Conversely, with that easing all but priced in, a dovish position might not have much of an impact, either. Sustaining the goldilocks environment is becoming more difficult, and one way or another that will have implications for allocators.

Second thoughts

This caution means many investors have resisted the temptation to pile into rising equity markets this year.  But the trend is not without its exceptions. For one sign of bullishness, note a fresh record notched up when it comes to secondary fundraising from investment companies.

Existing trusts raised £4bn in the first half of the year, according to AIC data. That’s the highest level for the first six months of any year, and for any six-month period altogether. By contrast, trusts raised £2.2bn on the secondary market in H1 2018 and £3.4bn in H1 2017 (the previous record).

What’s different this time? Very little, it turns out: a continued thirst for yield has helped income-generating alternative assets in the property and infrastructure space pull in further funds. With some bond yields dropping to record lows this year, this kind of exposure will continue to find an audience.

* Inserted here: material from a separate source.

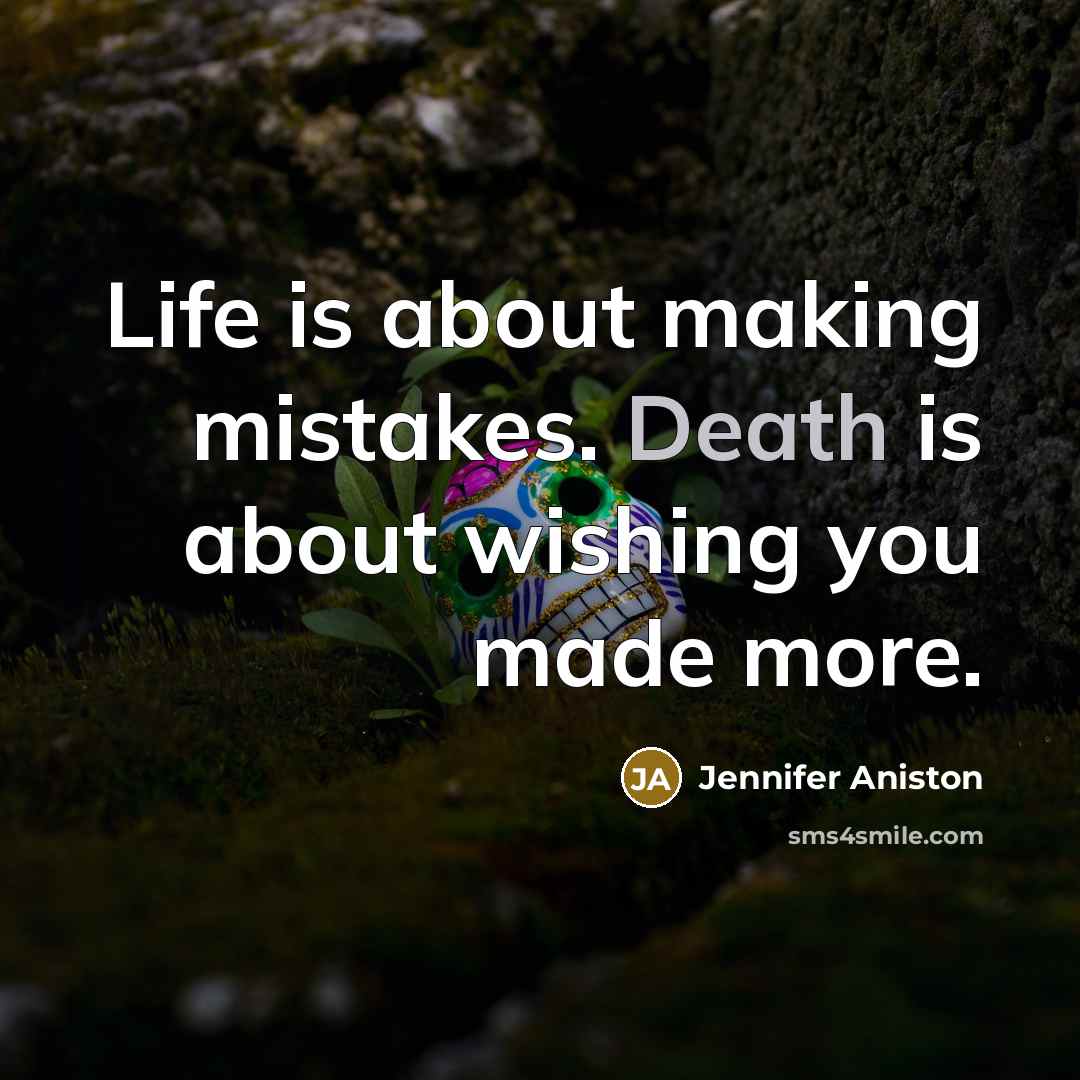 “Life is about making mistakes. Death is about wishing you…” quote by Jennifer Aniston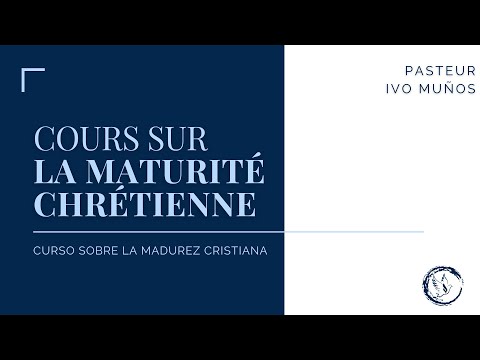 Cours Biblique La maturité chrétienne | Curso Biblico La madurez cristiana | Pst. Ivo Muños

It’s a stark contrast with what happened in the primary market at the back end of 2018, when difficult conditions spelled mixed results for a series of trust IPOs. Notably, the likes of Merian Chrysalis and Mobius Investment Trust have returned to markets this year now that things are calmer.

For DFMs, new opportunities in the alternative income space - an area that, for all the hype, remains relatively unexplored by their yield-focused strategies - can only make them less reliant on stocks when it comes to generating yield.

But given many of these names have performed well, some wealth firms have already backed out of the space in anticipation of fresh fundraising at more attractive prices. As volatility rises, the likelihood is that there will be more of these decisions to make in the coming months.

Peering at passives 

Those who thought the UK regulator might step back from asset management this year have had reason to think again in recent weeks. The outcome of the Woodford affair - a reconsideration of ongoing work on illiquid assets - was inevitable. Less expected is the news that the FCA is to lead an international review of passive investing. 

That study, announced by the International Organisation of Securities Commissions in March, will focus on issues like corporate governance, the allocation of capital and whether the rise of passives affects the price discovery process - as well as a “conduct-focused mandate” on the role of index providers in asset management. 

The FCA said yesterday it is heading up this process. Iosco reviews tend to be fact-finding rather than proscriptive affairs. But passive providers can be sure that any major discoveries will be factored into the UK watchdog’s own thinking in the months to come.